I get my chips from True Value hardware.  there are a few locations in the metro.  Also i get some smoke trays for smaller smokes at a gourmet shop called Gourdo's.  smoke trays are only about 60 pesos, and depending on your smoker they last a couple hours at most.  The chips are chunks, charbroil brand.  5 pound bags about 500 pesos if you get lucky they go on sale sometimes.  hickory,applewood, mesquite.  They also have some of the tabasco barrel chips and whisky barrel chips.  As for kitchen aid mixers, you can find them at western appliances or gourdo's, price is about 30k pesos, for the high end mixer, the smaller "pretty" machines with less power will run you about 25k.  As for cure 1, am not really sure what percentage nitrite that contains, i didn't start until i got here on smoking and curing.  I personally use this pink salt i got from MGM Foods, sort of a food chemical warehouse, located near SM Megamall.  If you have experience with cure 1 and are travelling back and forth regularly then you may as well try to bring it... something about powder in plastic i try to avoid when travelling personally.  The pink salt i use is 3.75 percent nitrite so it gets the job done.  Back to the mixers... the recent trend is actually away from kitchenaid, personally i don't subscribe to that, they seem to like Breville brand now, its more electronic then the kitchenaid, thats my thing against that i guess, electronics and powders and liquids just don't seem to be a great idea to me.  They are also about 30k for the base model and no idea what bells and whistles they have available.  If you have any other questions feel free to hit me back.


----------



## junkcollector

Thanks for the info man. I really appreciate it. There is a SM on the way into CDO from the airport so we can just stop there and pick up the chips and a few other nick nacks we want to get. 

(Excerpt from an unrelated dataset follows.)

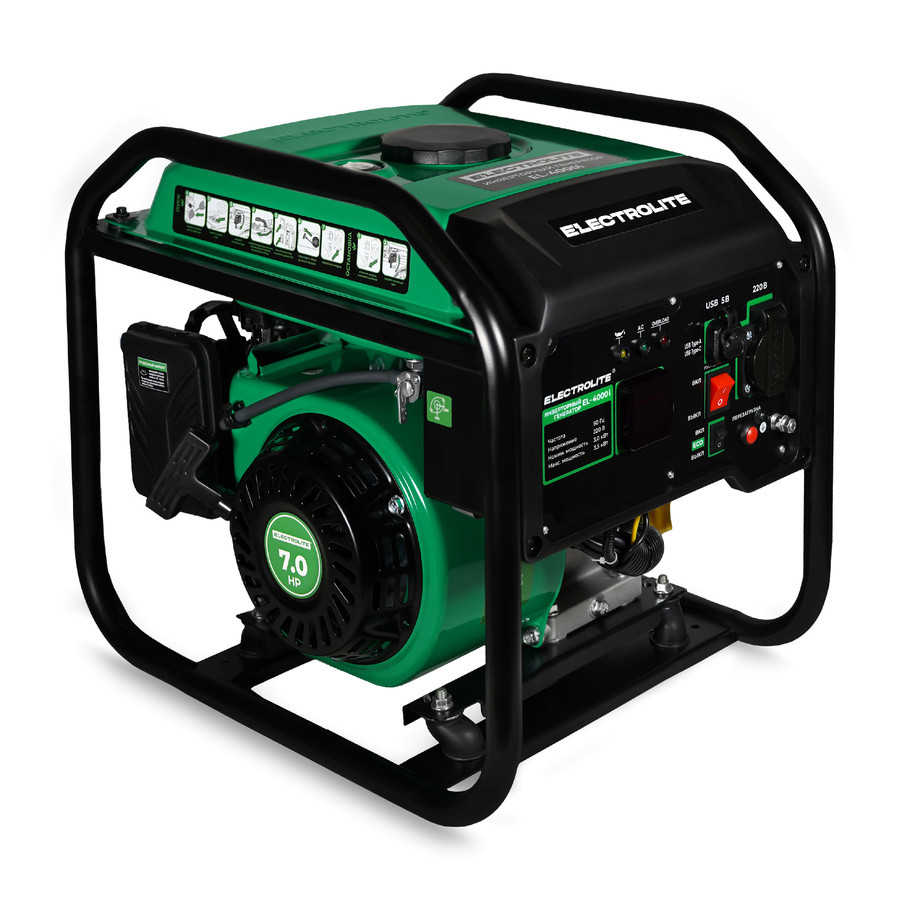 Генератор бензиновый инверторный ELECTROLITE EL 4000i, 3500Ватт, чистый синус, 4-х такт., 3.3 кВт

I've already got cure 1 that I'm planning on bringing with me. 

WOW, $30k for a mixer!!!
	

	
	
		
		



		
		
	


	





  I do believe that we'll just kneed pizza dough and bread by hand for the time being. 

I truly don't remember, is the herb/spice selection pretty good over there or should I figure on bringing my own bratwurst/italian/kielbasa seasoning from here?

Thanks a lot!

Louie


----------



## tatoosh

Hi, glad to hear there is another smoker in the Philippines!  And super to hear about your bacon business!  I love the bacon and make it twice a month.  I started out using the trays you talk about, found at Living Well in SM Mall of Asia, which is owned or associated with Gordo's.  Local woods would be great but ... and a big but ... Filipinos have a whole different set of agricultural and arbor practices, often involving bunches of pesticides.  Not saying all of them, but I've been warned off Mango by numerous sources for that reason.  If you can find guava and pili nut wood, those work well, I am told.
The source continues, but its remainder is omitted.